Green construction is the opposite of not-my-responsibility architecture—it recognizes the importance of individual choices. When a green designer selects, say, a particular slope and orientation for a roof, she knows that choice affects how well the building withstands wind, rain, sun, or snow. She considers what type of roofing materials will be appropriate and where windows may be placed to brighten dark interiors or avoid late afternoon glare. She knows that cumulatively, thousands of similar decisions can raise or lower a city’s temperature, replenish or deplete its water supply, and speed or slow the rate at which construction waste is sent to landfill. Green design is the expression of a mature society’s desire to live as if each of these decisions matters.
The Northwest Green Home Primer is a comprehensive text for anyone who chooses green design for home construction or renovation. While the Primer focuses on the Northwest (emphasizing that effective green solutions are always specific to their local environment), the book’s overall approach is adaptable to any region.
The authors, building consultant Kathleen O’Brien and architect Kathleen Smith, are specialists in sustainable design. Both live in green homes that they helped plan. Their credentials are impeccable, and their research thorough.
Readers who like dense technical details may enjoy this text cover-to-cover. Others can learn a lot just by grazing. The book has well-organized checklists and is full of helpful illustrations and case studies. You can glance at a diagram to understand how a heat pump provides summer cooling and winter heating by circulating fluid from your house to deep in the ground where temperatures are stable. Or you can look at photographs showing examples of temporary ponds, which you could construct in your yard to help replenish your local aquifer.
O’Brien also draws on insight from her own home design process and tells how it saved her money and energy in the long-term: “We set our sights on exceeding [the] rigorous … [state] energy code. … As a result, we insulated ourselves somewhat from rising energy prices. … We built our home in 1998, at … roughly one to two percent more than what it would have cost to build … conventionally.”
I wish this book had been available when I did my own green renovation. More importantly, I hope that homeowners, buyers, and builders will use this book to acquire the knowledge to challenge architects to build green.
In a lighter but arguably deeper-green vein, The Urban Homestead is a good-natured (in all senses) guide for urbanites who want to live off the land without leaving the city limits, by such means as greening their homes and growing, preserving, and composting their own vegetables. The authors offer Homestead as “an affirmation of the simple pleasures of life.”
“We bake our own bread because it is better than what we can buy,” they write. “We raise our own hens because we like chickens and we think their eggs are worth the trouble … There’s mead brewing in our guest bedroom because you can’t buy mead … and because fermentation is the closest thing to magic that we know.”

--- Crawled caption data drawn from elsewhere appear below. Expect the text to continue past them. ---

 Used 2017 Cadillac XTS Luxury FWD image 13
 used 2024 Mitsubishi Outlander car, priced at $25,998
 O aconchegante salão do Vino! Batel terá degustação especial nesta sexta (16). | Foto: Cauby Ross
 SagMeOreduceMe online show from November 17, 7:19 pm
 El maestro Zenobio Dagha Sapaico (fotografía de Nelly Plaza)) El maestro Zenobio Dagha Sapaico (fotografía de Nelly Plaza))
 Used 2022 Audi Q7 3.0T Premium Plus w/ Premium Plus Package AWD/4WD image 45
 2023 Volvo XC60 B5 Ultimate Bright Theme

If such activities appeal to you, you’ll find yourself reading this book the way gardeners read seed catalogs in mid-January. Along the way, you’ll encounter instructions for cooking acorn meal (see above), building a self-watering plant container, and making clay-and-seed balls for lobbing wildflowers into fenced vacant lots. You’ll learn how to be an urban forager—from fruit-picking to dumpster-diving—and how to harvest gray water from your laundry or shower.
The authors, a husband and wife team, do their urban farming in Los Angeles. They dispense opinionated tips and useful resources. Despite numerous typos, Homestead is a book I’ll want to give to my frugal-foodie relatives.
Ten years ago when I completed my own home renovation, I concluded that green design would hardly make a drop of difference unless it became ordinary and accessible. The Northwest Green Home Primer and The Urban Homestead bring complex choices about homes and food within almost anyone’s grasp. Together, these books give me hope that ordinary people can reclaim decision making from the “experts” and inspire us all to live more creatively and responsibly.
Pamela O'Malley Chang wrote this article as part of YES! Magazine's In Review column. Read more Book Reviews from YES! Magazine.
Thursday, November 13, 2008, 05:46 PM EST
[General]
Which organic milk companies are really clean? What practices are guaranteed by the organic label, and what aren't?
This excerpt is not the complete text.